My Little Blog: Hadoop & Humongus XML files

Hadoop brings distributed computing which bring amazing performance. In this post, we will look at how we can parse humongus XML file's using Hadoop.

Hadoop's documentation is bleak and does not cover much on this topic. I tried different things and thought this would be worth sharing(lessons learned).

Hadoop provides different input formats but none for XML.
Some of the common ways to parse XML in hadoop are -
1) Java MR - Custom mapreduce java programs using Mahout's XmlInputFormat (third party jar)
2) Hadoop Streaming - Custom mapreduce programs in a programming language other than java like perl, python, ruby, groovy, etc.
In case if you are using hadoop platforms which generate mapreduce -
3) Pig - XMLLoader function from the piggybank library to extract the XML within start and end tags. Then using regular expressions or custom transform (mapper\reducer) to parse the Pig tuple.
4) Hive - A custom SerDe (Serializer or DeSerializer) or custom transform (mapper\reducer)

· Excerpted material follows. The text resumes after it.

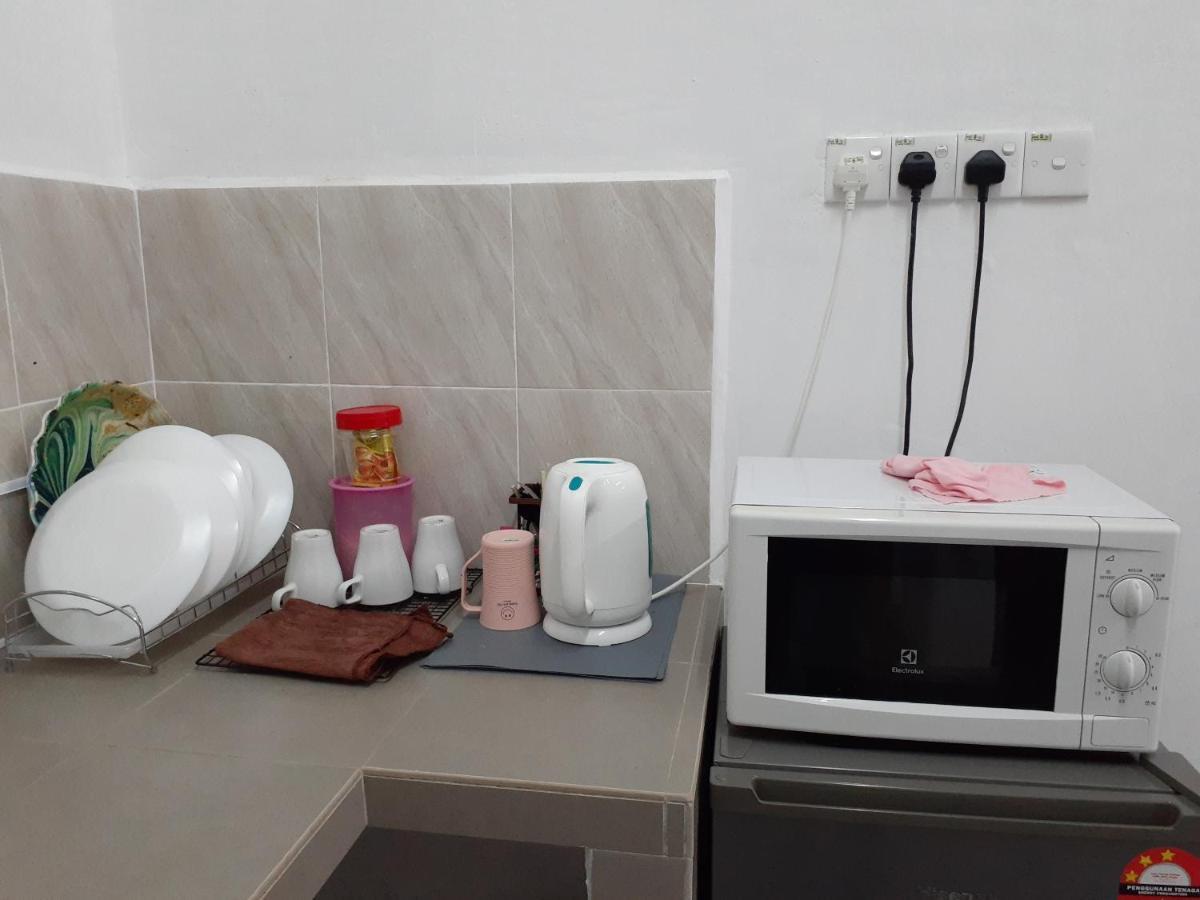 Homestay Idaman B B With 2 Room Aircond 2 Quen Bed And Not Sharing Room -Privacy Kuala Terengganu Exterior photo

I prefer using option 1 and 2, they provide more flexibility to control performance, control output formats, etc. I enjoy coding in pig and hive but they do not offer a clean solution.

Java MR -
Pros - Provides superior performance. In hadoop everything boils down to java.
Cons - Development and testing takes time. For a project involving large number of different XML sources, it's time consuming process.
Usecase - To process daily XML load\feeds in an environment where performance is critical

Hadoop Streaming -
Pros - Development and testing takes less time.
Cons - Performance slower than the Java MR implementation.
Usecase - One time XML parsing for historic data and then moving data into Hive or any DB. Also useful for applications where xml sources are periodically changing.

Nice tips on the Cloudera blog on what to choose as per the situation and what it supports.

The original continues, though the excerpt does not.